Manny Pacquiao returned to his corner before the 12th round to an unfamiliar soundtrack of steady boos rising from the MGM Grand Garden crowd.
The fans weren't jeering their beloved Filipino congressman. They were incensed that Sugar Shane Mosley apparently was scared to fight him.
"I told him in the last round, 'You've got to knock this guy out, because it's embarrassing,'" Pacquiao trainer Freddie Roach said. "He told me, 'Coach, I'm trying, I'm trying.'"
Mosley was in full retreat from the opening round against Pacquiao, backpedaling and scrambling simply to avoid getting knocked out.
Pacquiao, who won his 14th straight fight by lopsided unanimous decision, has seen this embarrassing strategy before. Most everybody agrees Floyd Mayweather Jr. has been dodging Pacquiao for the past year, only outside the ring.
If Mayweather declines another chance to fight Pacquiao in the most anticipated matchup in boxing, Pacquiao will keep busy with his congressional duties until his next fight in early November — yet even his promoter acknowledges it's tough to imagine any opponent but Mayweather posing problems for Pacquiao.

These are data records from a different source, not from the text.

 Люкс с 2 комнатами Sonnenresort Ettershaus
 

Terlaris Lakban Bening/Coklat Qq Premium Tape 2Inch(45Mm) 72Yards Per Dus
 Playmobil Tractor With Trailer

"The problem is, and this is becoming a pattern, Manny doesn't allow any opponent to fight his fight," Bob Arum said. "He takes every opponent out of his fight because of his speed and power. You've got to understand what you're watching now. You're watching a phenomenon, the greatest fighter that I've ever seen. Nobody can compete with him. He'll take every fighter out of his game, every single one."

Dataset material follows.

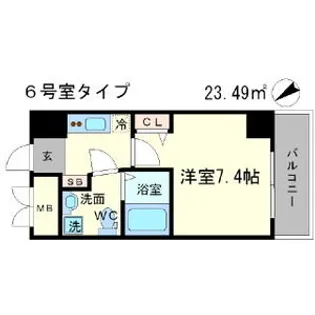 メインステージ西天満 T’s square【6階】の間取り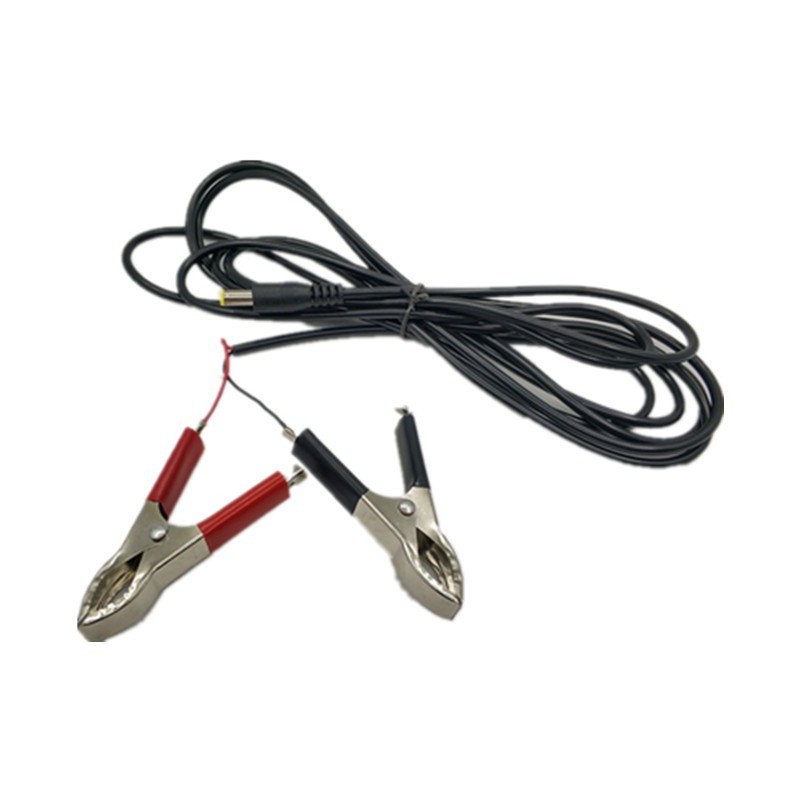 3M Long DC Battery Clip Cord Male to Alligator Clip Cord DC 12V 24V Universal Audio Cable Red and Black Clip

Pacquiao's native Philippines grinded to a halt Sunday, with fans watching everywhere from crowded jails to public plazas fitted with huge screens as Pacquiao flummoxed Mosley, who embarrassed himself in what's probably the last megafight of his decorated 18-year career.
Pacquiao knocked him down in the third round and never stopped chasing him, but Mosley survived on his feet and even got credit for a bogus knockdown in the 10th. Roach said Mosley tarnished his legacy.

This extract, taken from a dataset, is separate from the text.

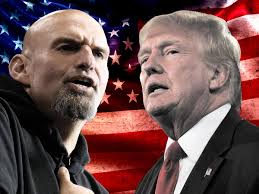 John Fetterman supporting Donald Trump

"He backpedaled the whole night," Roach said. "He never took one step forward to try to press the action. His jab is in mothballs. I never saw it. His legs are gone. It wasn't shocking, but I expected more. I like Shane, he's a nice guy, but he'd better quit before he gets hurt."
Roach also wasn't happy with the fight's collegial vibe, which included touching gloves before every round — something usually saved for sparring sessions — and hugging before the 12th.
"Why are you touching gloves? Is he your friend?" Roach asked his fighter. "I hate that. You're supposed to be trying to knock this guy out."
The atmosphere likely won't be so friendly in Pacquiao's next fight. The three main candidates for Pacquiao's next bout haven't usually been the hugging types.
A third fight with Mexican star Juan Manuel Marquez apparently is Arum's first choice, fulfilling the dreams of fans who thoroughly enjoyed their 2004 draw and 2008 split-decision win for Pacquiao. If Marquez doesn't like the deal, Arum will turn to bruising 140-pound champ Timothy Bradley or veteran Zab Judah, who would both welcome the chance to be on the sport's biggest stage.
Roach would prefer to fight Mayweather, believing it's the most intriguing matchup and the most lucrative opportunity for a fighter who says he's likely to retire after a few more big bouts, although Roach believes Pacquiao could fight into the deep end of his 30s.
But if Mayweather still won't answer Pacquiao's calls, Roach hopes they'll face Marquez.
"All I hear from him and Nacho (Beristain, Marquez's trainer) is how they got robbed," Roach said. "I'd like that fight one more time, see how much they've both changed since that time. I think we've gotten a lot better."
A meeting with Bradley, the two-belt champion from Palm Springs, Calif., would be a brutally physical bout against a fighter with a reputation — deserved or not — for throwing elbows and head-butts.
"It's not an easy fight for Manny, but I feel (Bradley) is just not big enough," Roach said. "He would need a miracle."
Roach said Pacquiao could meet Bradley or Marquez at a catch weight around 144 pounds, but Pacquiao doesn't want to get much smaller than that. Roach also wouldn't put Pacquiao in against British 140-pound champion Amir Khan, saying Khan "is getting better, but he's not at that level yet. Manny would be too much, too soon."
Yet the discussion always comes back to Mayweather, who's facing many more upcoming court dates than fight dates as he whiles away his mid-30s in his Las Vegas mansion, trashing Pacquiao on Twitter and gambling heavily on sports.
Pacquiao has won eight fights since the end of 2007, beating an array of quality fighters and veteran greats from Oscar De La Hoya to Marquez and Miguel Cotto. Mayweather has fought just twice in that time, enjoying a brief retirement before beating Marquez and dominating Mosley on May 1, 2010.
"There isn't a day in my life that goes by that somebody doesn't ask me about that fight," Roach said. "People say, 'Make that fight.' I wish I could."